* PROBLEM REQUIREMENTS *
Using the records below, reproduce exactly the lines from the one containing "MP-IP-GW-WITH-EQUAL - Cisco" through the end, and nothing more; skip the images.

%%

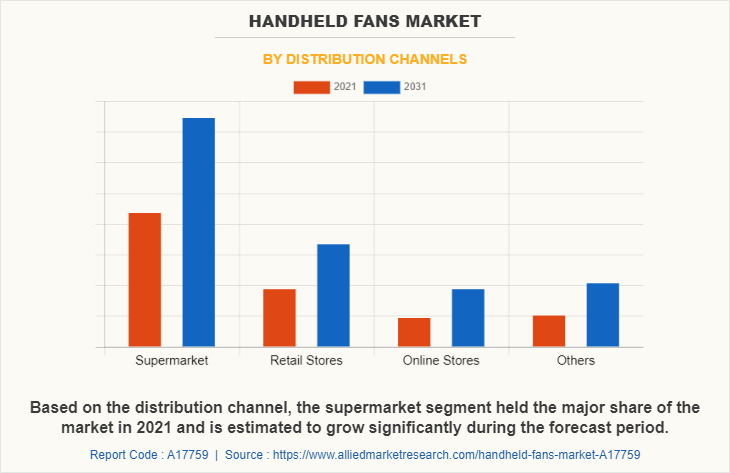 Handheld Fans Market by Distribution Channels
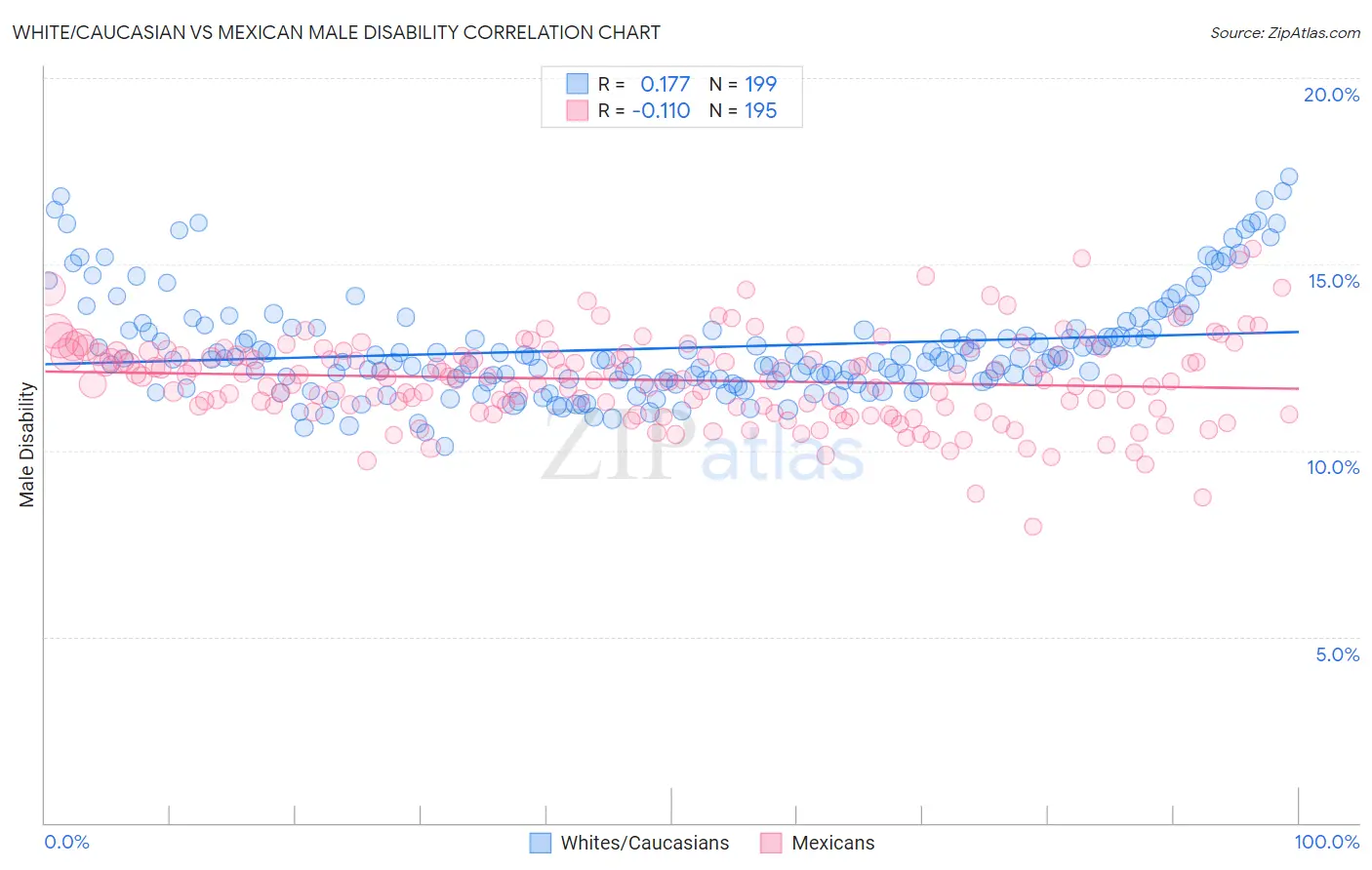 White/Caucasian vs Mexican Male Disability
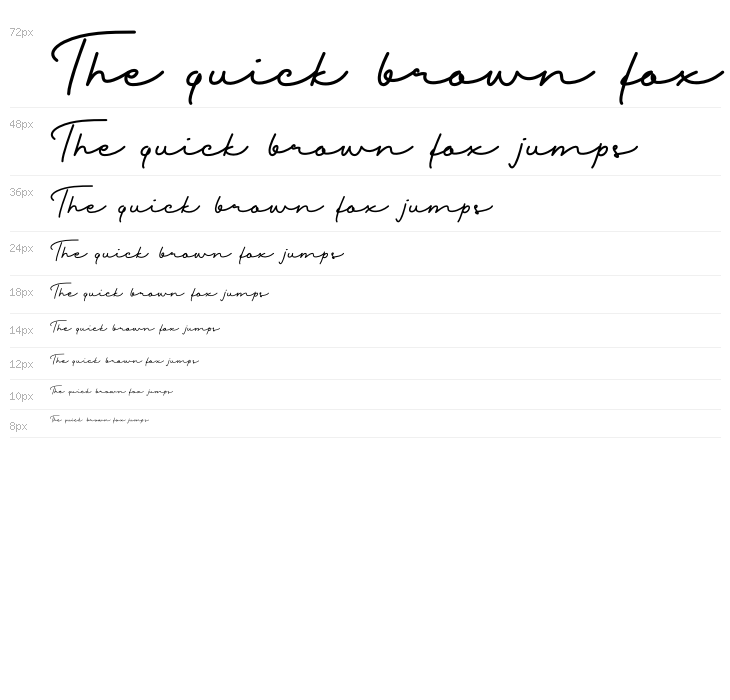 Port Fairy Waterfall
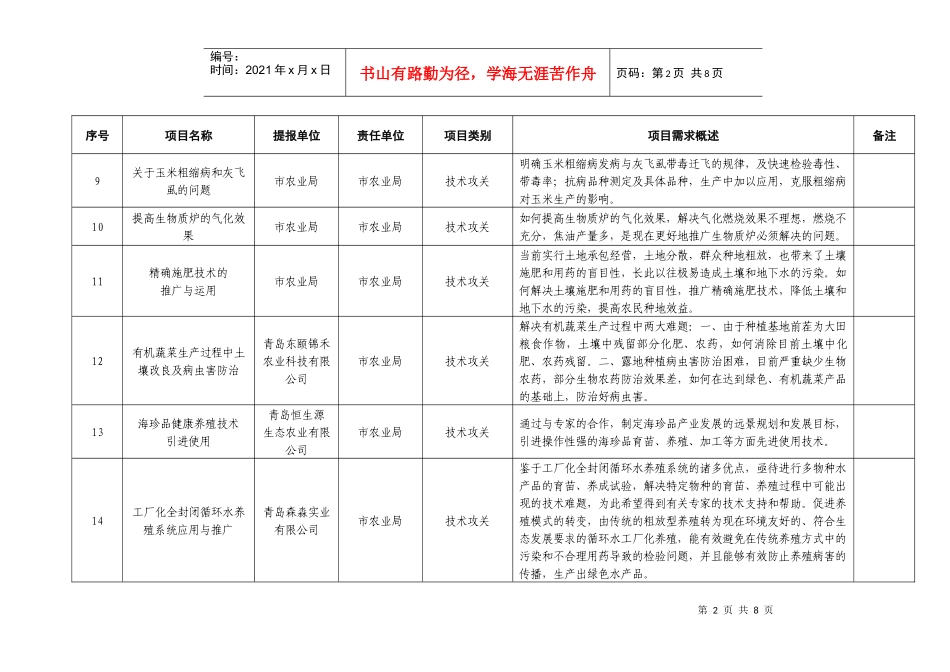 院士专家行项目汇总_第2页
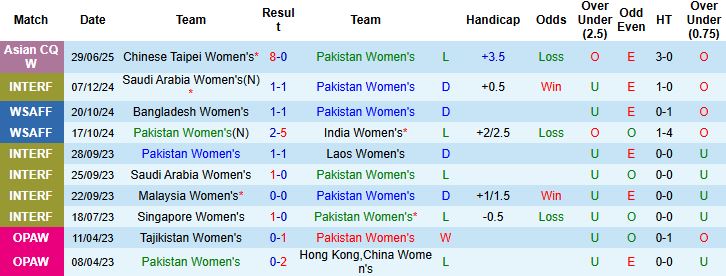 Nhận định, Soi kèo Nữ Pakistan vs Nữ Indonesia 20h00 ngày 02/07: Khách thắng cách biệt - Ảnh 3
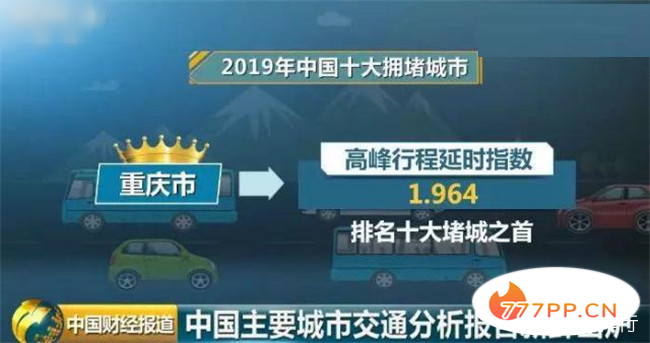 中国堵城排行榜 2019中国最堵的城市排行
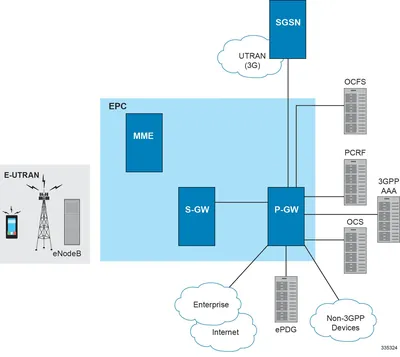 MP-IP-GW-WITH-EQUAL - Cisco MeetingPlace IP Gateway License 1 User(s) Standard License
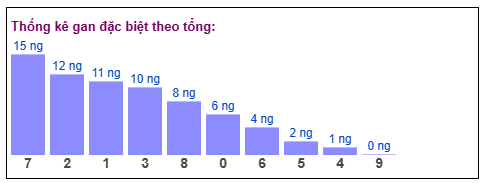 Phân tích-Soi Cầu Xổ Số Miền Bắc thứ bảy 24/1/2026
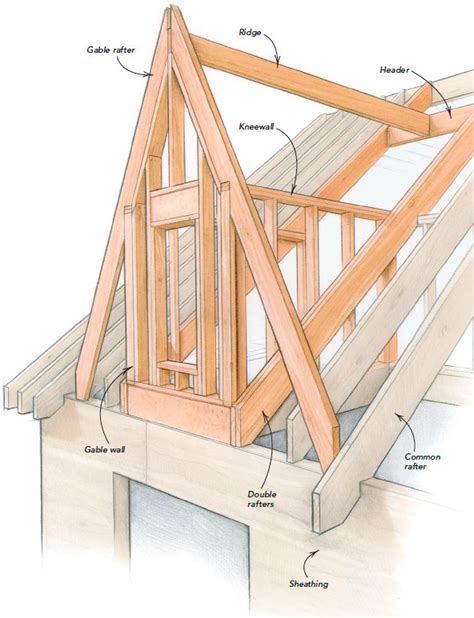 Framing a Dramatic Dormer - Fine Homebuilding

%%

* OUTPUT FOR THIS TASK *
 MP-IP-GW-WITH-EQUAL - Cisco MeetingPlace IP Gateway License 1 User(s) Standard License
 Phân tích-Soi Cầu Xổ Số Miền Bắc thứ bảy 24/1/2026
 Framing a Dramatic Dormer - Fine Homebuilding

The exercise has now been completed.